Fig 12 shows the overall communication cost of the Switching network.
* For $k$ = 4096 client inputs with $n$ = 100 servers, each input requires each server to transmit nearly 30 kilobytes.
* The dashed line here is $y$ = 32 · 6 · log$^2k$ where 6 is reconstruction overhead and log$^2k$ corresponds to the number of total rounds.
![](https://i.imgur.com/CHAUiUY.png)
At this setting, computation, and communication contribute about equally (neither is the sole bottleneck), although there appears to a considerable room to eliminate overhead due to serialization and Python function calls in our implementation.
**Tradeoffs between PowerMix and Switching Network:**
In the online phase, PowerMix requires considerably more computation but less communication than Switching Network.
* Given the resources available to our *t2.medium* instances, PowerMix results in more than 2× reduction in overall latency at $n$ = 100 for up to $k$ = 512 clients, but for larger values of $k$, Switching Network is preferable.
* PowerMix would naturally be useful for larger values of $k$ in more bandwidth-constrained or computationally-powerful networks.
**Overall cost for AsynchroMix:** Figures 13 and 14 show the estimated overall cost, per server and per client input, combining both computation ($0.05 per core hour for an EC2 node) and bandwidth ($0.02 per gigabyte transferred out) costs based on AWS prices.
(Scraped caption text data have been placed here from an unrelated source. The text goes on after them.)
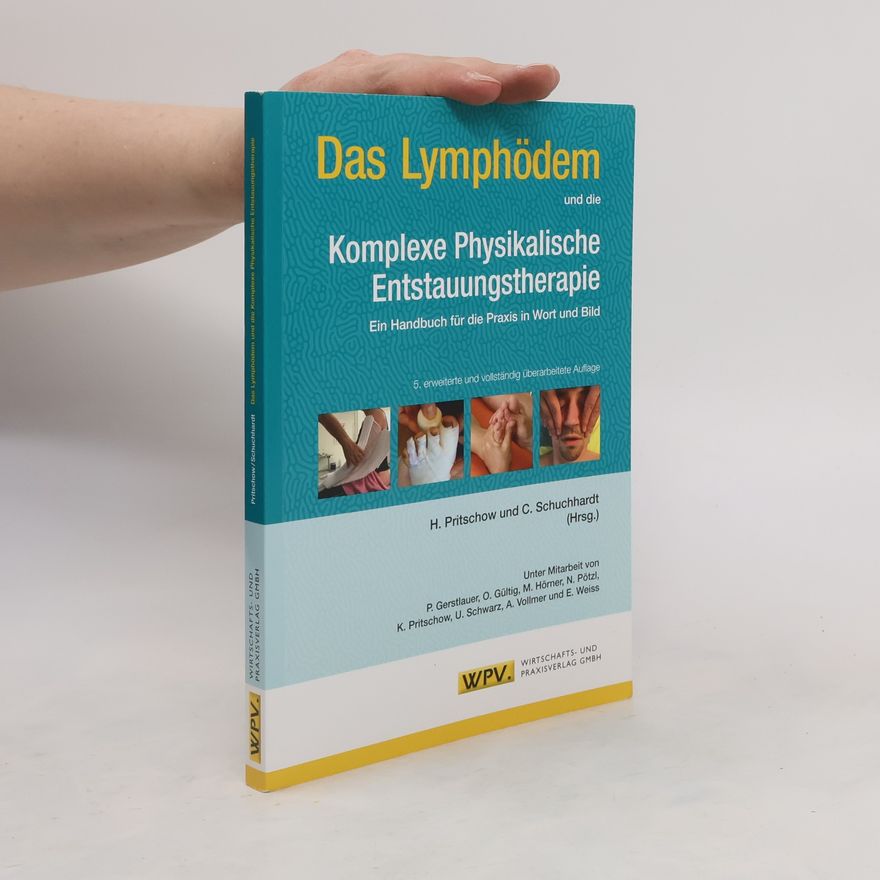 Hans Pritschow Das Lymphödem und die komplexe physikalische Entstauungstherapie
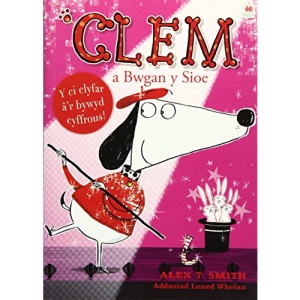 Clem a Bwgan y Sioe (Cyfres Clem)
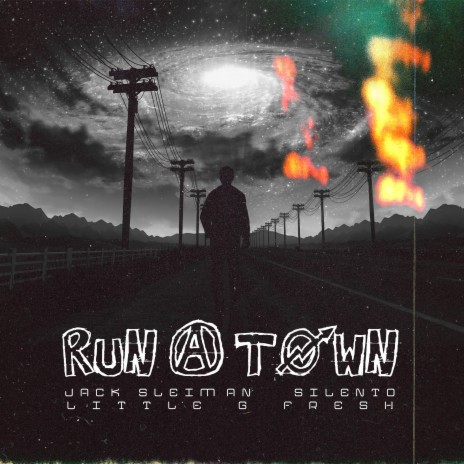 Run A Town ft. Silentó & Little G Fresh cover art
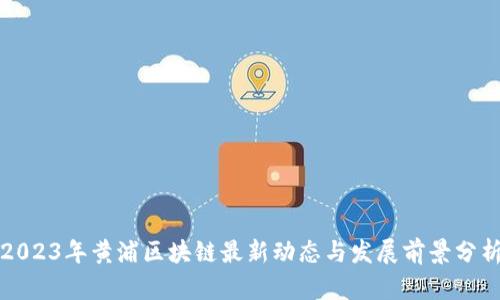 2023年黄浦区块链最新动态与发展前景分析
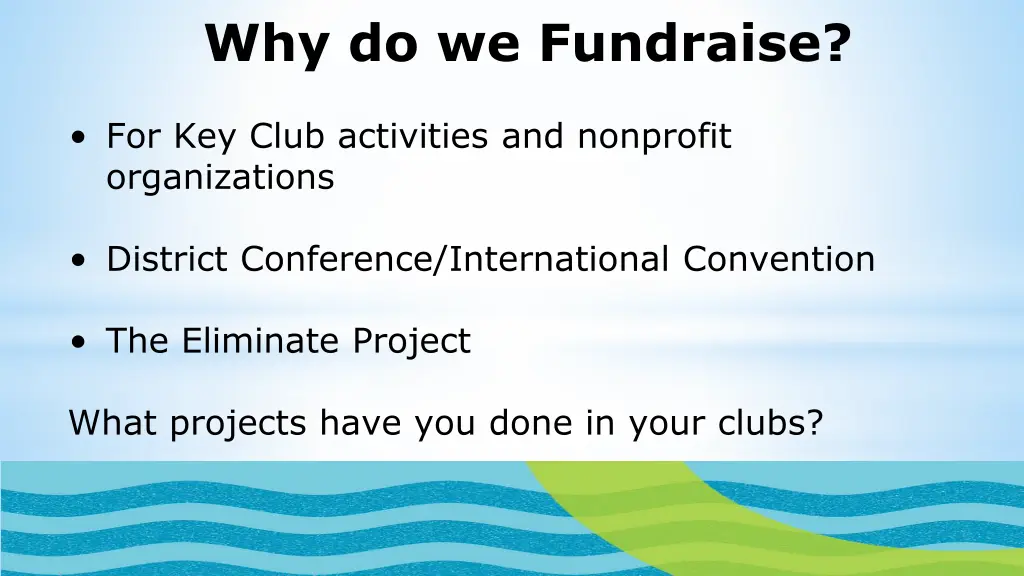 why do we fundraise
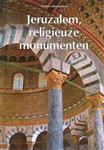Atrium cultuurgids - Jeruzalem, religieuze monumenten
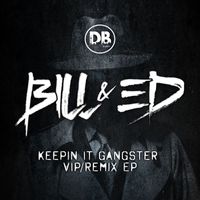 Bill & Ed - Keeping It Gangster VIP/Remixes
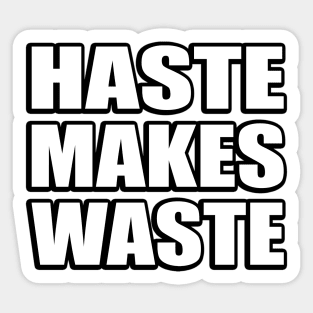 Haste makes waste - wise words Sticker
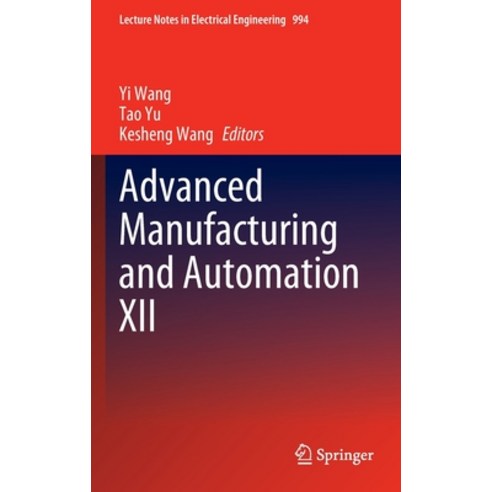 (영문도서) Advanced Manufacturing and Automation XII Hardcover, Springer, English, 9789811993374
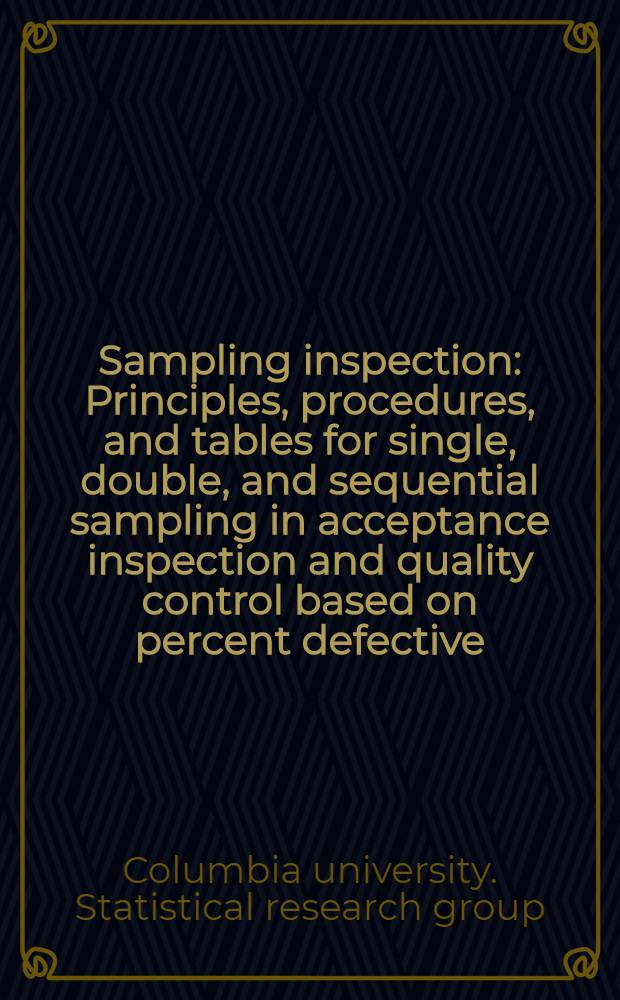 Sampling inspection : Principles, procedures, and tables for single, double, and sequential sampling in acceptance inspection and quality control based on percent defective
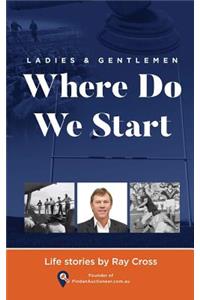 Ladies and Gentlemen - Where Do We Start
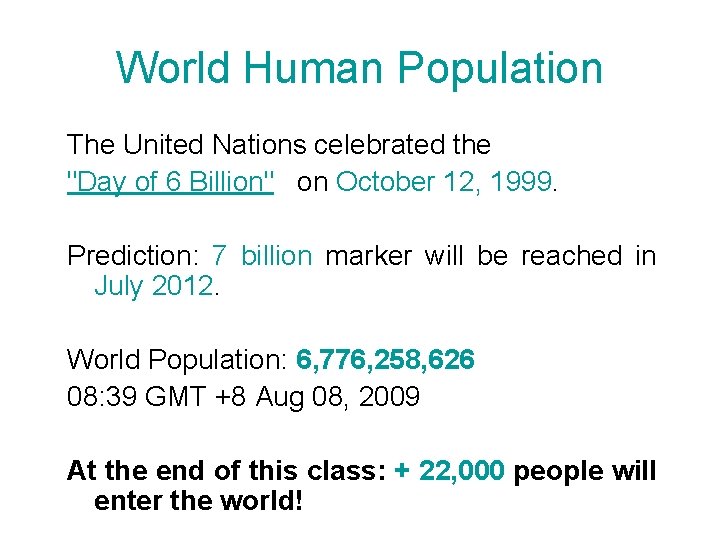 World Human Population The United Nations celebrated the "Day of 6 Billion" on October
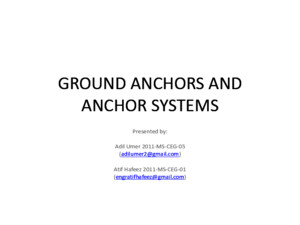 Main Presentation Ground Anchors and Anchor Systems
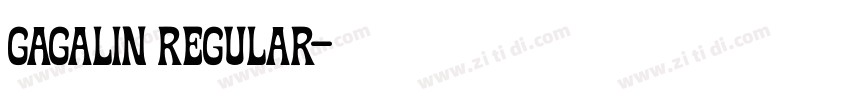 Gagalin regular字体转换 Gagalin regular字体转换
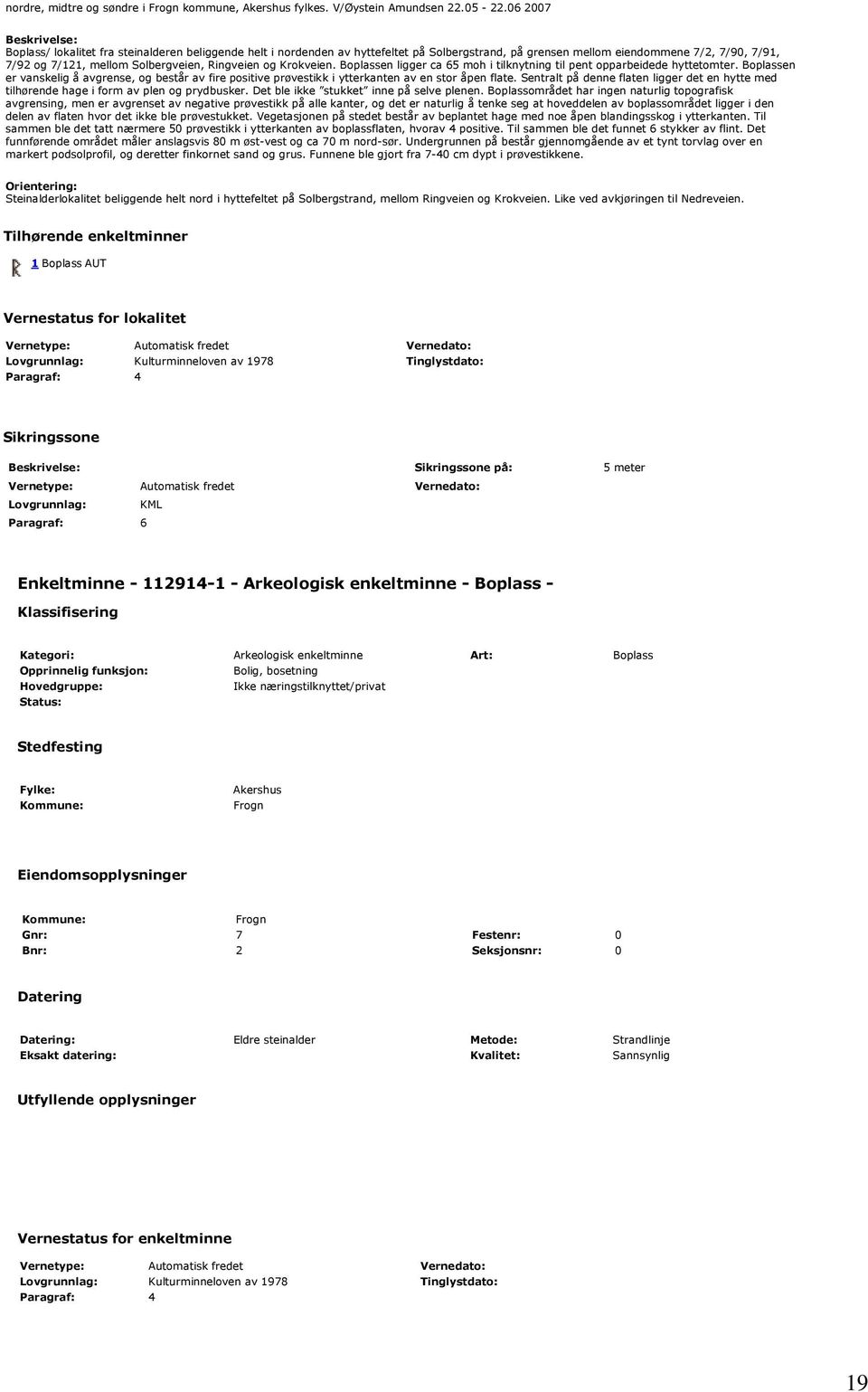 Solbergveien, Ringveien og Krokveien. Boplassen ligger ca 65 moh i tilknytning til pent opparbeidede hyttetomter.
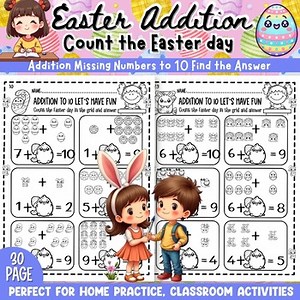 Easter Addition Math within 10 Worksheets, Count Easter Objects Find the Missing
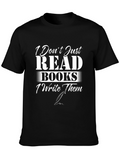 I Dont Just Read Books T-Shirt
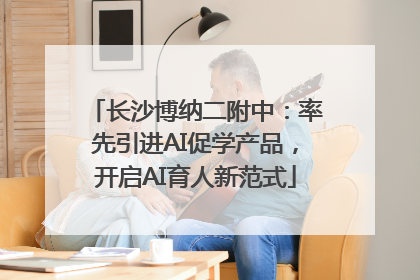 长沙博纳二附中：率先引进AI促学产品，开启AI育人新范式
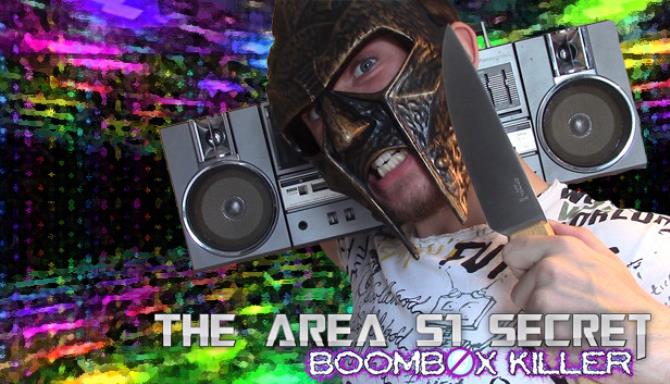 The Area 51 Secret Boombox Killer-TiNYiSO Free Download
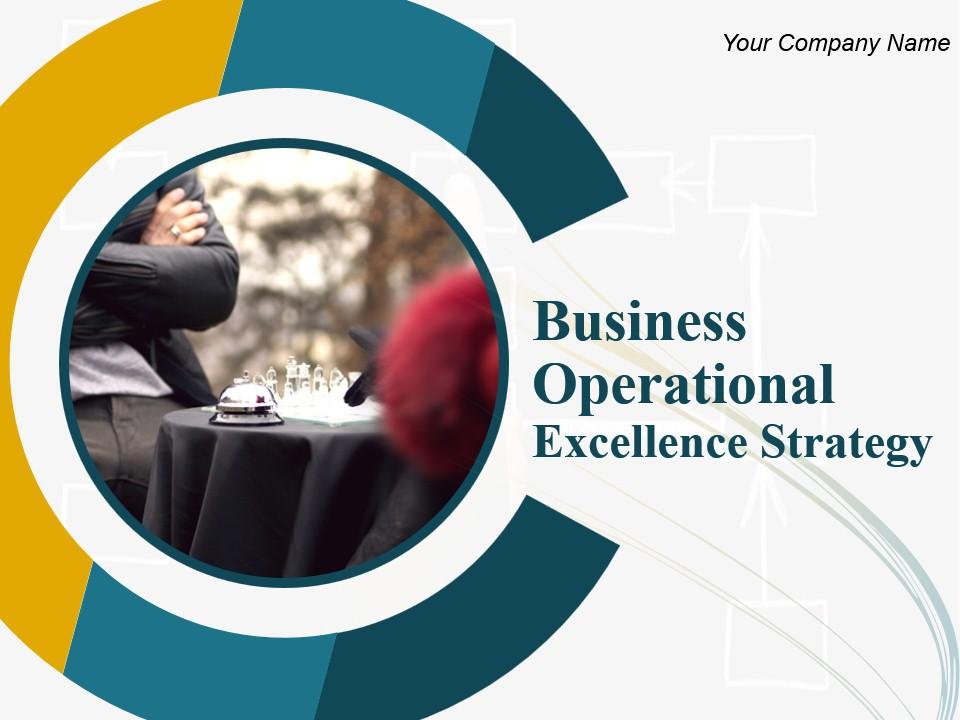 Business operational excellence strategy powerpoint presentation slides Slide00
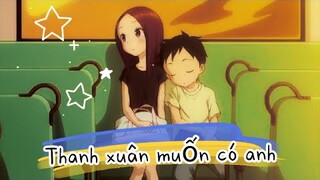 「AMV」- Thanh Xuân Muốn Có Anh - DIMZ | karakai jouzu no takagi - san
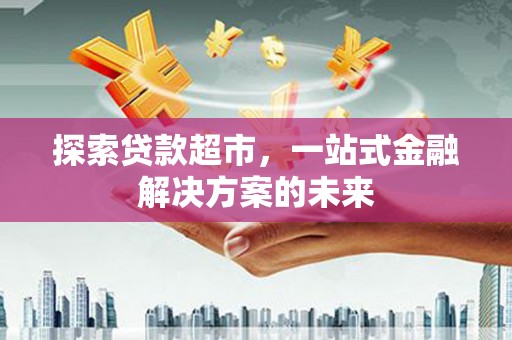 正镶白旗探索贷款超市，一站式金融解决方案的未来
![](https://i.imgur.com/DvKgKKO.png)
![](https://i.imgur.com/F0luuIJ.png)
The stacked bar charts show the costs broken down by phases (offline, online, and client input).
* The offline phase contributions are based on a distributed experiment for the *RanDouSha* algorithm, multiplied out by the necessary number of preprocessing ingredients of each type (see Table 3).
* The offline cost of PowerMix is always more expensive than Switching Network at the same setting, and the difference increases with more clients ($k$ versus than log$^2k$).
**Using Switching Network, at $n$ = 100 and $k$ = 4096, the overall cost (including all 100 servers) is 0.08 cents per message using geographically distributed *t2.medium* instances**
## 7 CONCLUDING REMARKS
Emerging Internet-scale applications such as blockchains and cryptocurrencies demand a robust anonymous communication service offering strong security guarantees.
* Along the way towards building a robust anonymous communication service on top of MPC, we have highlighted robustness as a first-class concern for practical MPC implementations.
* We have shown through our AsynchroMix application case study that robust MPC can be practical.
AsynchroMix features a novel MPC program for anonymous broadcast that trades off local computation for reduced communication latency, allowing for low-latency message mixing in varying settings.
* Through an extensive experimental evaluation, we demonstrate that our approach not only leverages the computation and communication infrastructure available for MPC but also offers directions towards further reducing the latency overhead.
* In the future, our effort should motivate other MPC implementations to consider robustness as well as a computation vs communication trade-off.
> Personal Notes: I suppose the questions would be:
> * If the staking rewards for a PoS network would be worth those costs?
> * If the system would be low-latency enough for PoS networks in production now (Maybe the idea of computation vs communication is enough)?
> * Message size seems to always be an issue, what will the final message size be that ETH2.0 Valicators will have to validate? Seems like this plays a large part into which of these systems is viable?